Possibilidade do contrato internacional facultar às partes a eleição da legislação brasileira.
Inicialmente, cumpre ressaltar que a previsão, em contrato internacional, que faculta às partes a eleição de uma jurisdição nacional distinta da do local da contratação é hipótese reconhecida pela legislação brasileira de jurisdição internacional concorrente (CPC, art. 22, III).

Código de Processo Civil.
Art. 22. Compete, ainda, à autoridade judiciária brasileira processar e julgar as ações: (…)
III. em que as partes, expressa ou tacitamente, se submeterem à jurisdição nacional.

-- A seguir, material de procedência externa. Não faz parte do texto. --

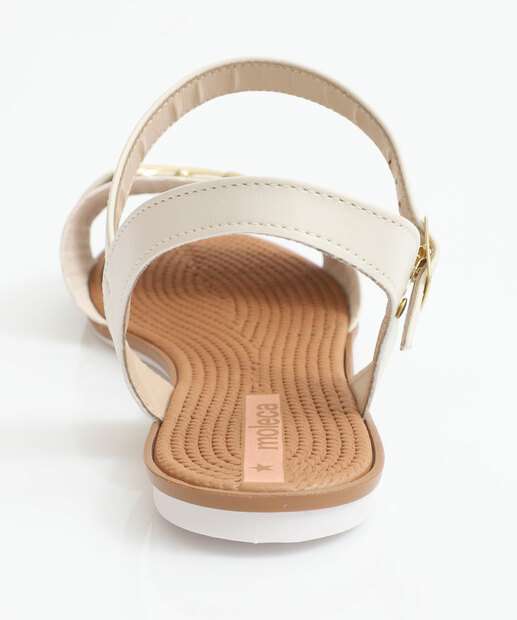 Sandália Feminina Rasteira Moleca Branco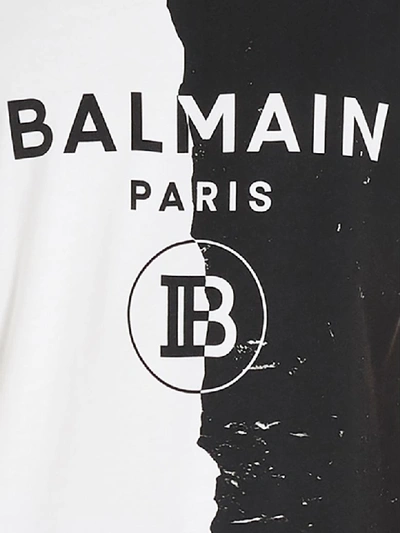 Shop Balmain T-shirt In Black & White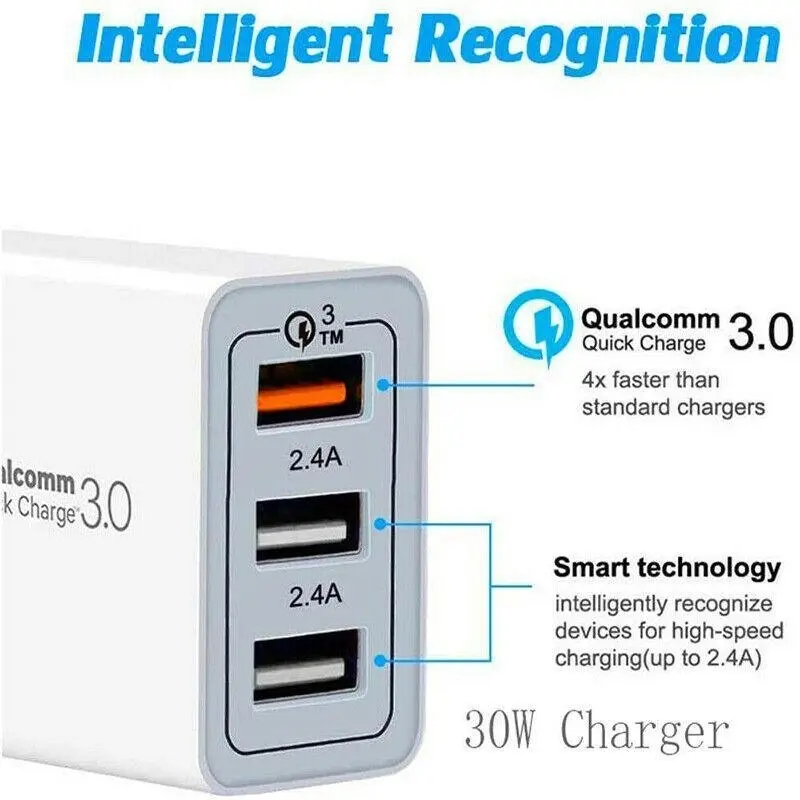 30W Qualcomm 3Port Qc3.0 Fast Charging Usb Wall Charger Adapter For Iphone Au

Ao eleger a jurisdição brasileira, a legislação processual nacional será aplicada.
Nesse sentido, ao eleger a jurisdição brasileira, ainda que o contrato seja regido por legislação estrangeira para fins de validade do negócio jurídico, o procedimento judicial respectivo será regido pelas regras processuais estabelecidas na legislação nacional, conforme interpretação dos arts. 9º, 12 e 14 da LINDB e 22 do CPC.

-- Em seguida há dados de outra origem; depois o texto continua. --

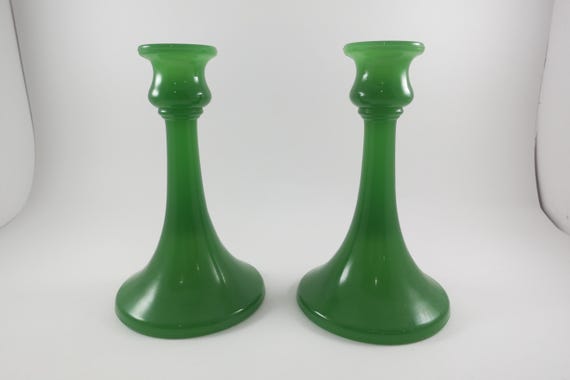 Pair of Jadeite Opaque Flared Base Candle Holders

Lei de introdução às normas do direito brasileiro
Art. 9º Para qualificar e reger as obrigações, aplicar-se-á a lei do país em que se constituírem.
§ 1º Destinando-se a obrigação a ser executada no Brasil e dependendo de forma essencial, será esta observada, admitidas as peculiaridades da lei estrangeira quanto aos requisitos extrínsecos do ato.
§ 2º A obrigação resultante do contrato reputa-se constituída no lugar em que residir o proponente.
(…)
Art. 12. É competente a autoridade judiciária brasileira, quando for o réu domiciliado no Brasil ou aqui tiver de ser cumprida a obrigação.
§ 1º Só à autoridade judiciária brasileira compete conhecer das ações relativas a imóveis situados no Brasil.
§ 2º A autoridade judiciária brasileira cumprirá, concedido o exequatur e segundo a forma estabelecida pela lei brasileira, as diligências deprecadas por autoridade estrangeira competente, observando a lei desta, quanto ao objeto das diligências.
(…)
Art. 14. Não conhecendo a lei estrangeira, poderá o juiz exigir de quem a invoca prova do texto e da vigência.
(…)
Art. 22. Na interpretação de normas sobre gestão pública, serão considerados os obstáculos e as dificuldades reais do gestor e as exigências das políticas públicas a seu cargo, sem prejuízo dos direitos dos administrados.
§ 1º Em decisão sobre regularidade de conduta ou validade de ato, contrato, ajuste, processo ou norma administrativa, serão consideradas as circunstâncias práticas que houverem imposto, limitado ou condicionado a ação do agente.
§ 2º Na aplicação de sanções, serão consideradas a natureza e a gravidade da infração cometida, os danos que dela provierem para a administração pública, as circunstâncias agravantes ou atenuantes e os antecedentes do agente.
§ 3º As sanções aplicadas ao agente serão levadas em conta na dosimetria das demais sanções de mesma natureza e relativas ao mesmo fato.

Em execução de título extrajudicial, por sua vez, o meio de defesa legalmente previsto se instrumentaliza por meio dos embargos à execução, cuja natureza de ação autônoma de oposição não afasta sua função precípua de materialização do contraditório, admitindo, por consequência, a dedução de defesas processuais e materiais.

No caso concreto, é viável a apresentação de embargos à execução.
No caso concreto, tendo em vista a previsão contratual que facultava ao credor a escolha do foro de execução, a instituição financeira optou por executar contratos de empréstimos celebrados no exterior perante a Justiça brasileira, devendo, por consequência, submeter-se à forma processual típica dessa via processual, inclusive ao conhecimento e julgamento dos respectivos embargos opostos à execução pelos executados, via processual adequada ao exercício da ampla defesa e do contraditório.

Dessa forma, a existência de processo de liquidação da instituição financeira credora perante autoridade estrangeira, no caso, a liquidação de instituição financeira em trâmite no Panamá, não modifica a jurisdição internacional do Poder Judiciário brasileiro para as ações individuais aqui propostas.
STJ. REsp 1.966.276-SP, Rel. Ministro. Raul Araújo, Quarta Turma, por unanimidade, julgado em 9/4/2024 (info 807).